From back here, they are something like the size of an old cinema
screen - as it would appear relative to the audience, that is.
Long before the days of cinemascope, smaller and squarer, the
movie screen brought actors suddenly close, and could be filled
with a kiss before fizzling out in a sequence of white numbers
and exploding splotches of light. So I remember it, as I try
to describe the effect of David Spiller's images, many of them
lifted from that early magical world of Saturday morning 'flicks'
and spattered with paint-light. It's interesting to notice, too,
how one's eyes, looking at the paintings, flick between the randomly
placed dots, each playing its own colour note, with a movement
that is musically suggestive.
Like the movies, these pictures are immediately legible; you
seem to understand them at once 'across a crowded room', hearing
perhaps a subliminal snatch of melody as you read the words.

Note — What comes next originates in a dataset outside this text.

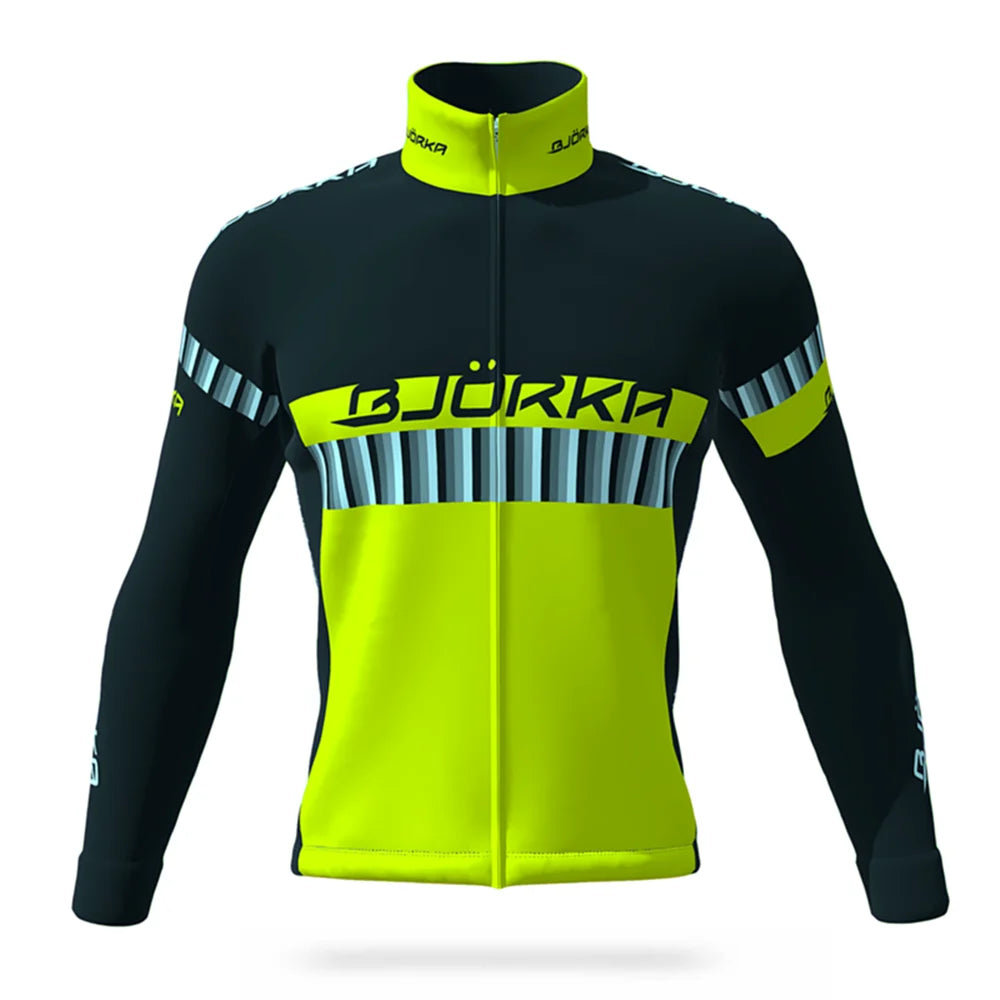 Veste Cyclisme Hiver Homme BJORKA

Skilful, complex, even painstaking in their facture they may
be, and an eclectic mix of quotation and artistic styles - but
for all that the heart is on the sleeve and more than anything
they are fun.
The words, oddly enough, do not interfere with this immediacy.
Mostly song lyrics, they have the same kind of popular and emotional
currency as many of the dominant, iconic images. Call them 'texts',
not exactly biblical, but evangelising love for certain, and
echoing with some plangency, as well as humour, against the image.

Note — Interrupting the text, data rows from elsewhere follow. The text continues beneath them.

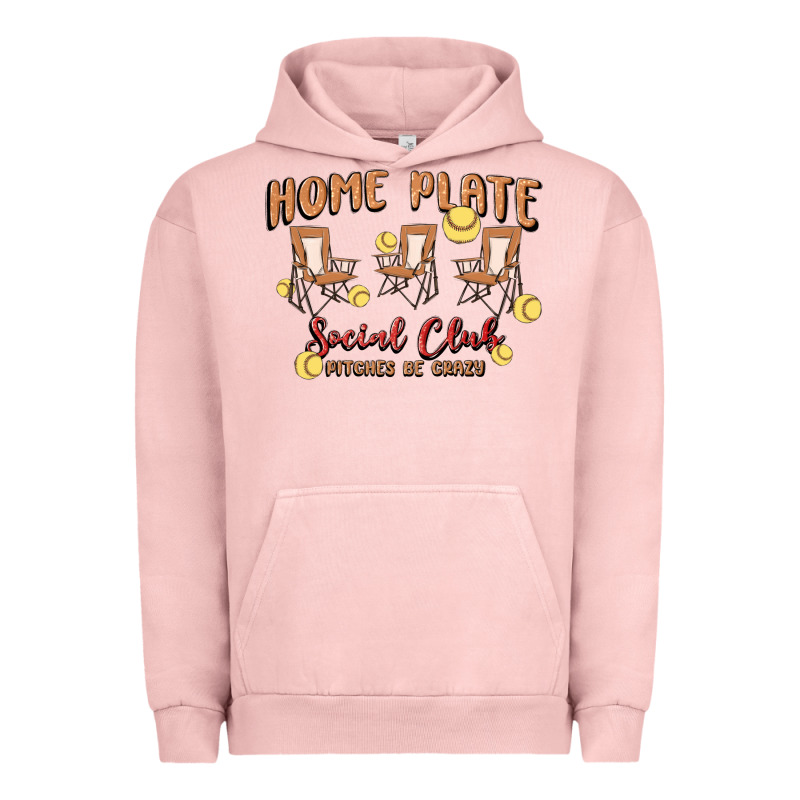Glitter Softball Urban Hoodie by MaliasSmallBusiness | Teevron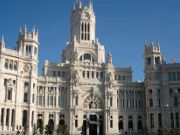 Rathaus, Palacio de Cibeles, Madrid, Spanien, Rathaus, Außenansicht, Plaza de la Cibeles 1 in 28014 Madrid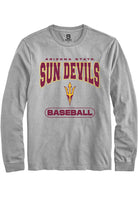 Arizona State Sun Devils Grey Baseball Long Sleeve T-Shirt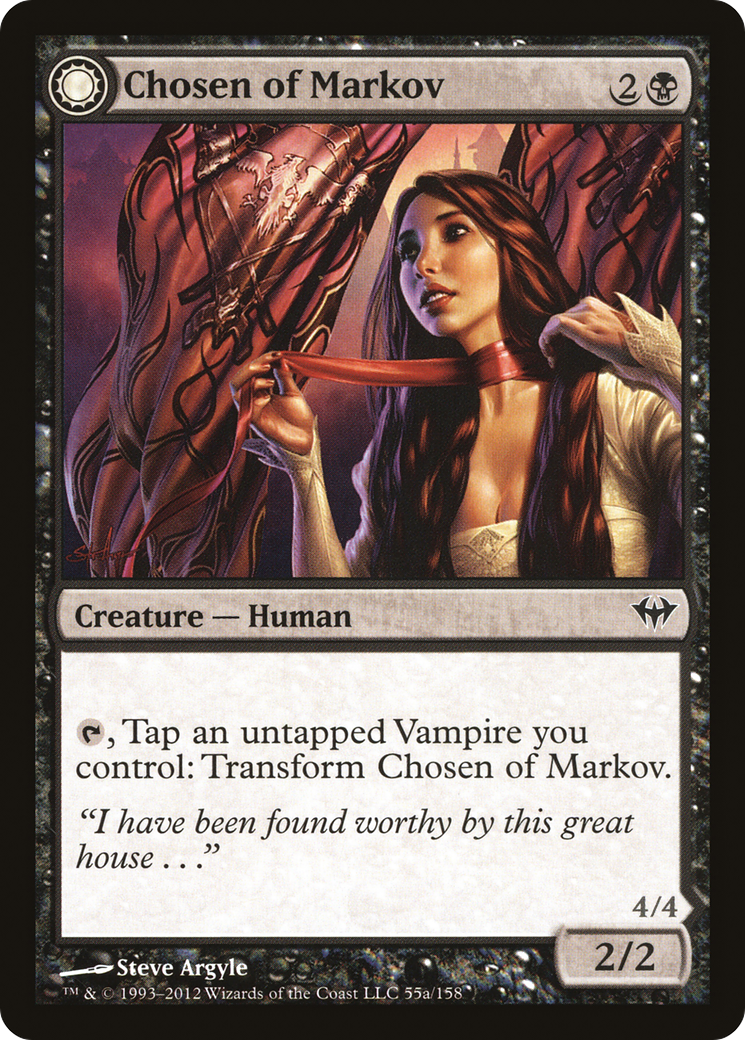 Chosen of Markov (DKA-055) - Dark Ascension: (Double Faced Transform) Foil
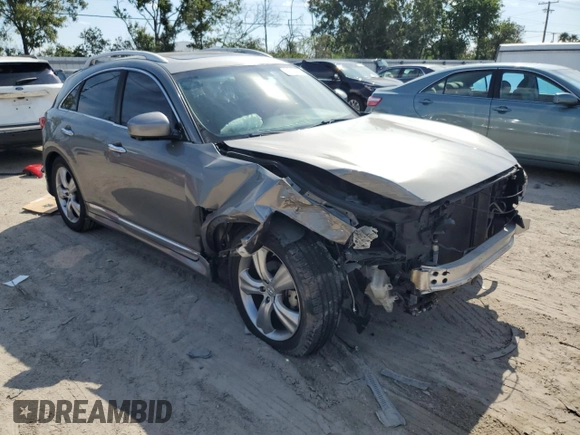 2009 Infiniti FX35 with VIN JNRAS18U29M104328, listed as a Copart auction lot 71885464 with 183,682 mi miles and Salvage Title. Bid and sale history available at carsss.com. Image 4.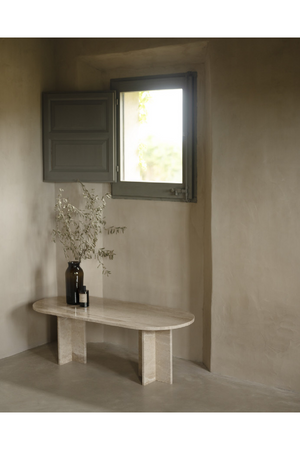 Oval Marble Coffee Table | Decowood Tuscany | Oroa.com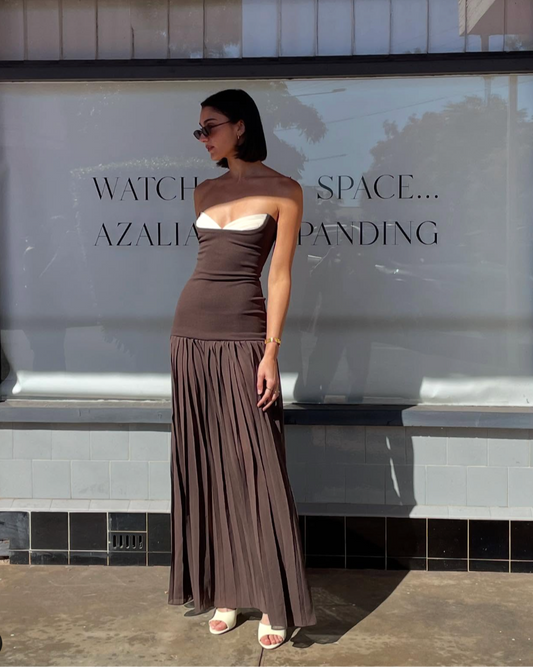 Nicolette Gown | Espresso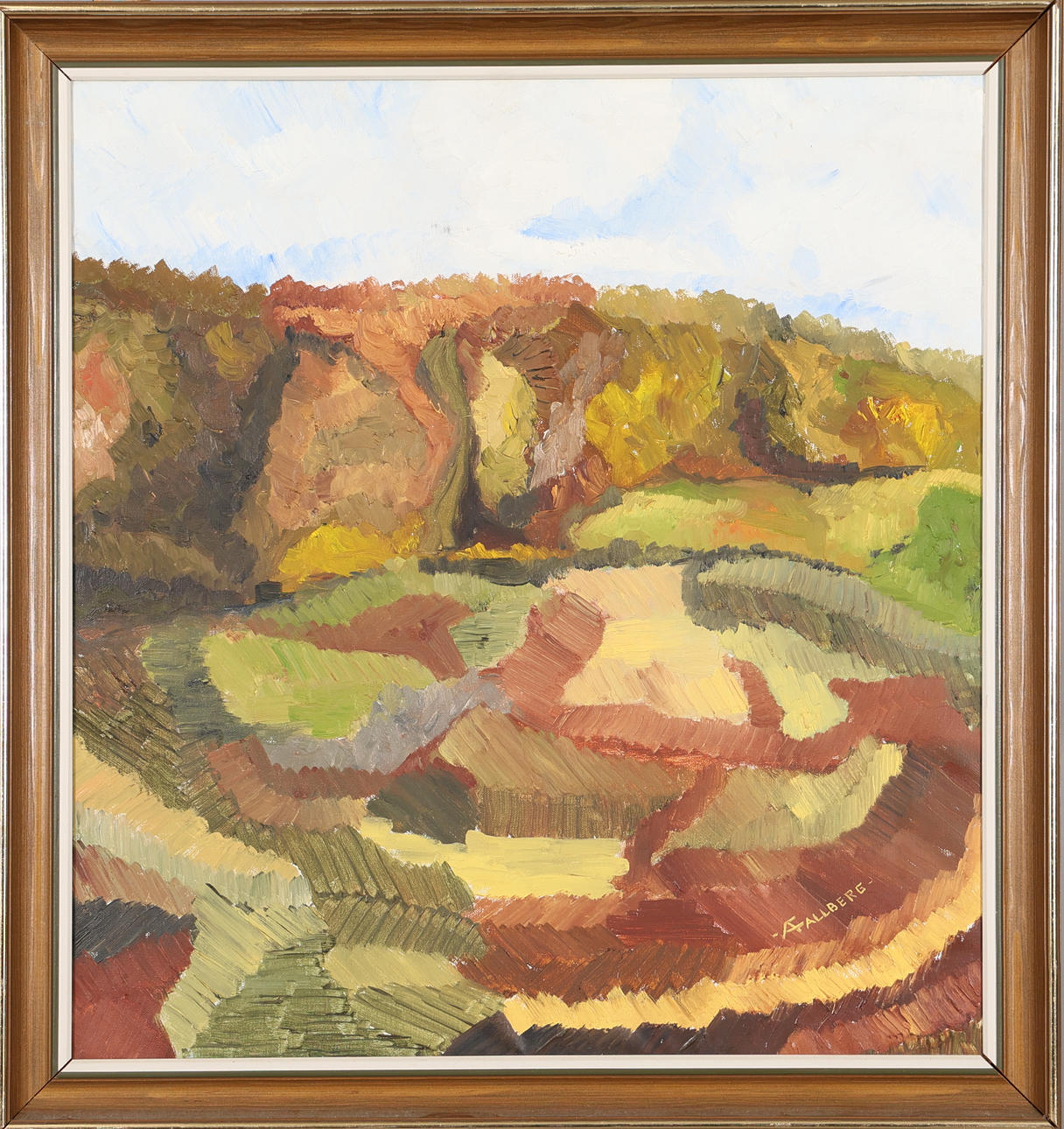 ARNE FALLBERG. OLJA PÅ DUK, signerad. Konst - Måleri - Auctionet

WE ALL NEED SOMEONE TO LEAN ON...LEAN ON ME is strapped below
a picture of the Thompson Twins, bowler hats wedged down over
their beetling brows, stiff black moustaches, walking sticks
over black-overcoated arms. AND TEARS FALL LIKE RAIN alongside
Marilyn, smiling through spangles.
Irresistible. And we are still at a distance, only now homing
in, fascinated, on what may turn out to be the 'real life' of
the painting. Close up it's easy to forget the larger dynamic
in discovering and deciphering a cast of little graffiti characters
along with proliferating texts pencilled or scratched onto the
surface. More of the same: 'only you can make this world seem
right', 'summer days that are not forgotten', 'my weariness amazes
me'. The little goggle-eyed graffiti people spread their arms
as if to say 'Here I am. Love me'. They stand on the neck of
Rembrandt's Elephant or the curve of a call girl's bum with the
scruffy appeal of tiny clowns, agog and needy and real in a world
of larger-than-life fantasies and myths.
The public hoarding with its iconic dream attracts a cryptic
record of private dreams and memories. Anon - or Mole, or Len,
or Dave - 'wuz yer', and left his sign or handprint like any
caveman.
These are the
real people, says David Spiller. They're you and me, I hope.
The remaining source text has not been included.